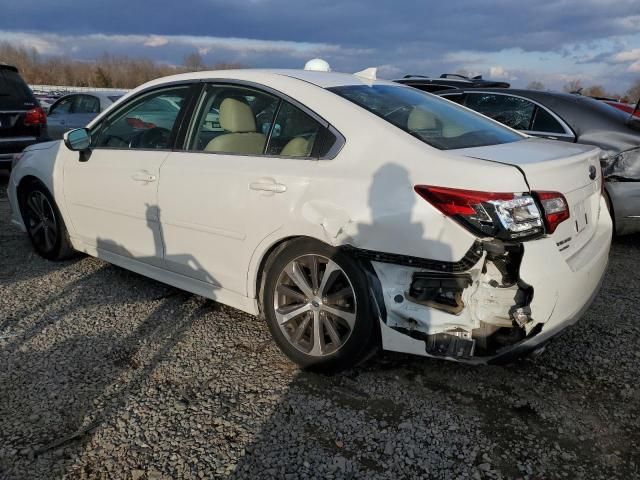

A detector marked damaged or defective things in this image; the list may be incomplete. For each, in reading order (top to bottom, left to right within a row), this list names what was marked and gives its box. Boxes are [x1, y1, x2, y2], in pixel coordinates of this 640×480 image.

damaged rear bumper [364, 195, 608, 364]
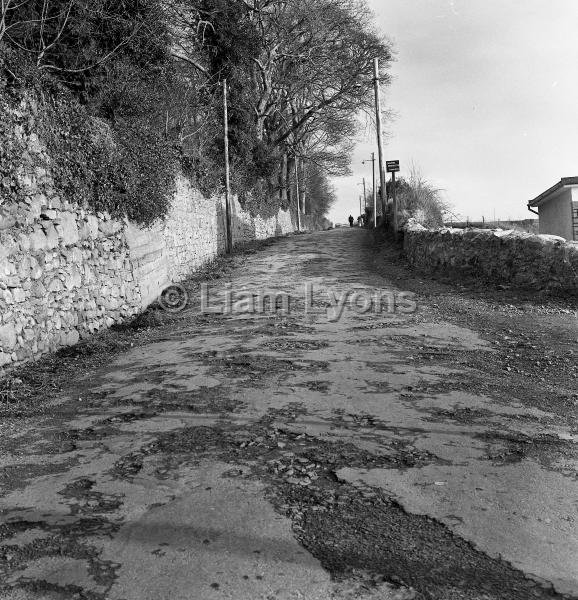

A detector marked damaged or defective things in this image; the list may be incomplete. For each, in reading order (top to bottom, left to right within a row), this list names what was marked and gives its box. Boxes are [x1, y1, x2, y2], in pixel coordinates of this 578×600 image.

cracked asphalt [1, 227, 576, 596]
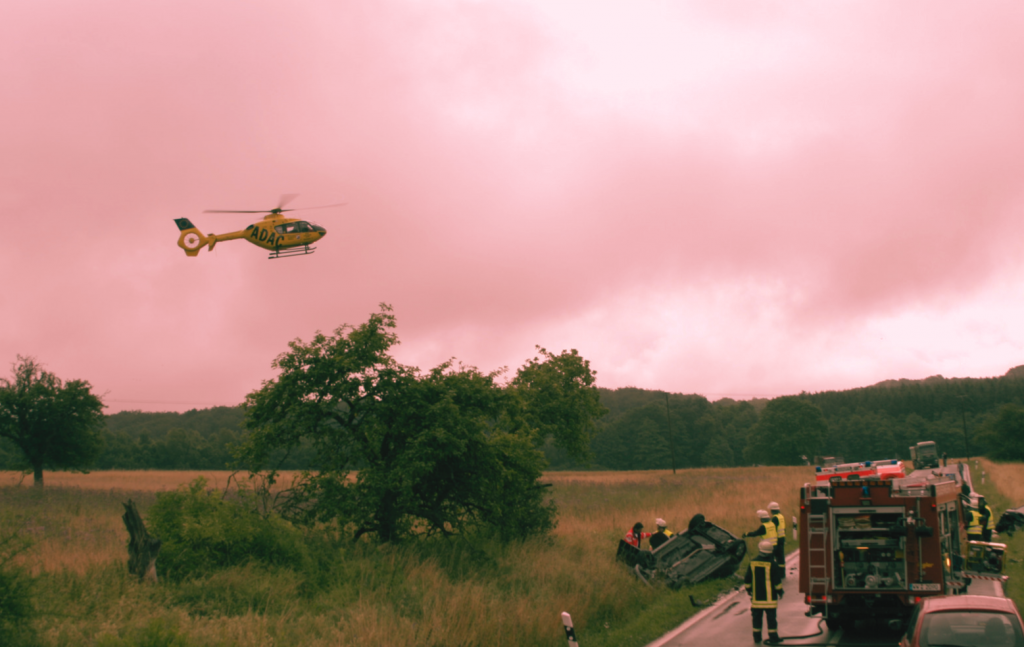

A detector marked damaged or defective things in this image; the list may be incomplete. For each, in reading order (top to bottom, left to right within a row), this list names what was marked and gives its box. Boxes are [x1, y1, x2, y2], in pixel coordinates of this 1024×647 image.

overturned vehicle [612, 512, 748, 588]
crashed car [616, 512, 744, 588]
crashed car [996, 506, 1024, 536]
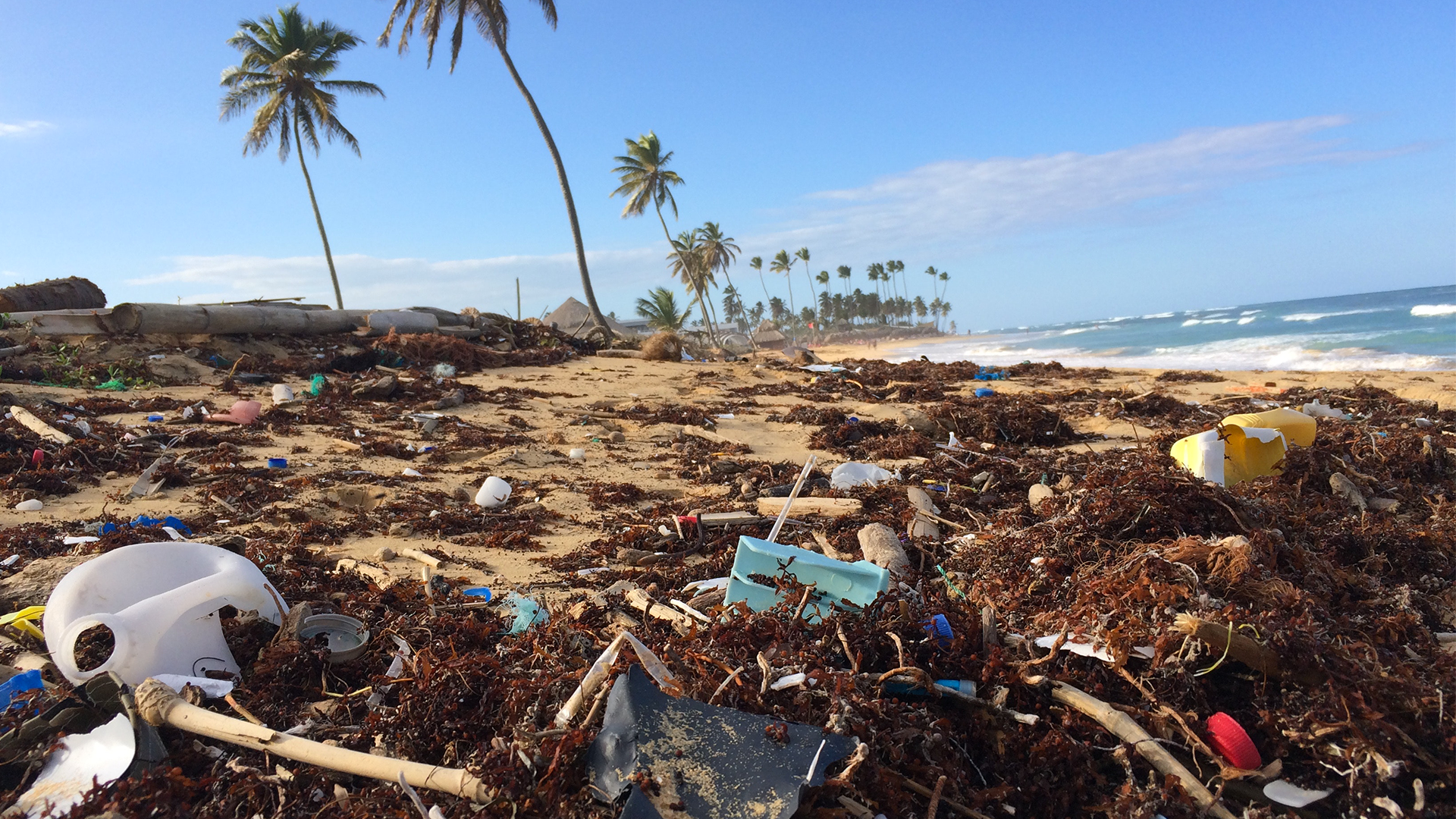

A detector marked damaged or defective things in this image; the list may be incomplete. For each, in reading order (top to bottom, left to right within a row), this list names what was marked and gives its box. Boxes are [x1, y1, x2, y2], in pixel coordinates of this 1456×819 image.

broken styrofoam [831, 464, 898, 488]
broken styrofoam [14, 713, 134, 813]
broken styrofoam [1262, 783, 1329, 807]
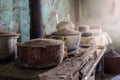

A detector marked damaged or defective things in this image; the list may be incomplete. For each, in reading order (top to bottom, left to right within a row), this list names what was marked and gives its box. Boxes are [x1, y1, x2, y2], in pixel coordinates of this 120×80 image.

# WORK REQUIRED:
Repeat each line of the records exactly. Do not include the pictures.

# WRITTEN REPLY:
A detector marked damaged or defective things in this image; the list may be incomplete. For each, in reading order (top to bottom, left to right within a row), this list names what was marked and gives its box. Boxes are [x1, y1, x2, y2], in pixel coordinates of this 640×480 image.

damaged rear bumper [364, 195, 608, 364]

A detector marked damaged or defective things in this image; the list may be incomplete. For each, in reading order (top to bottom, left to right within a row), this list names what was marked and gives its box. Boxes are [x1, y1, x2, y2], in pixel coordinates of this 578×600 image.

cracked asphalt [1, 227, 576, 596]

A detector marked damaged or defective things in this image; the list may be incomplete. For each, in reading order (top to bottom, left to right within a row), this list names what was marked and gives its box. Boxes are [x1, y1, x2, y2], in pixel coordinates of this 1024×647 image.

overturned vehicle [612, 512, 748, 588]
crashed car [616, 512, 744, 588]
crashed car [996, 506, 1024, 536]

A detector marked damaged or defective things in this image; the list may be incomplete. For each, in reading order (top to bottom, left to right within a row), this list names what was marked and gives its box. Boxes are [x1, y1, x2, y2], in pixel coordinates of this 1456×819 image.

broken styrofoam [831, 464, 898, 488]
broken styrofoam [14, 713, 134, 813]
broken styrofoam [1262, 783, 1329, 807]

A detector marked damaged or defective things in this image; the list may be incomplete. For each, in reading order (top to bottom, left to right within a row), this list names what was marked and gives its box. Boxes are [x1, y1, x2, y2], in pixel coordinates of this 120×80 image.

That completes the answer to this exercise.